We learn again: the Jesus we call Christ was born on the fringes of the Roman Empire to a poor couple with an unfashionable monotheistic religion. God came to us in a particular time in a narrow little place on the ledge of the Levant. This is the real Jesus.
The artist died in 1902, in the Château de Buillon in Doubs, a former abbey. His grave is in a chapel on the grounds.
* * *
Tissot met the Lord in Paris, then followed Him to the Land of Israel.
I first discovered his works on a shelf in the library of the Ecole Biblique on Nablus Road, a center built in Jerusalem by French Dominicans between 1880 and 1900 — while Tissot was in town, along with Eliezer Ben-Yehuda, who borrowed dictionaries from the friars.

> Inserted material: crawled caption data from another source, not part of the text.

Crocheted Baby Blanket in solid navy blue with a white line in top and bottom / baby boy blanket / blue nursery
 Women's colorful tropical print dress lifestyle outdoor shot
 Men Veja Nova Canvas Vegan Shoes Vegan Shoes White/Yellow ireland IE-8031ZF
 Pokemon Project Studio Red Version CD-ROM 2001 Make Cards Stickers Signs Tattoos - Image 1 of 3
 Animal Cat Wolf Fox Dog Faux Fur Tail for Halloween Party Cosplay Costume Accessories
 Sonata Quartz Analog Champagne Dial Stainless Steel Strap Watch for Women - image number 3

I can’t help but ask: why did I have to wait to get into that library to discover Tissot? Why are his gouaches socked away in Brooklyn, not hanging over altars in churches where the parishioners have a little taste?
Maybe it’s because, more than a century after his death, we Catholics are not ready for Tissot.
Tissot shows God Incarnate, and the fleshy reality of the Lord’s coming has always frightened us. We’d rather have an Übermensch or a Zeus than a rabbi.
But we can fix that.
We can let the Jesus of our own Gospels back into our hearts, with the dust of the desert and the smells of the shouk in his robes. And, in the best Catholic tradition, we can do it through the contemplation of beauty. All we have to do is look.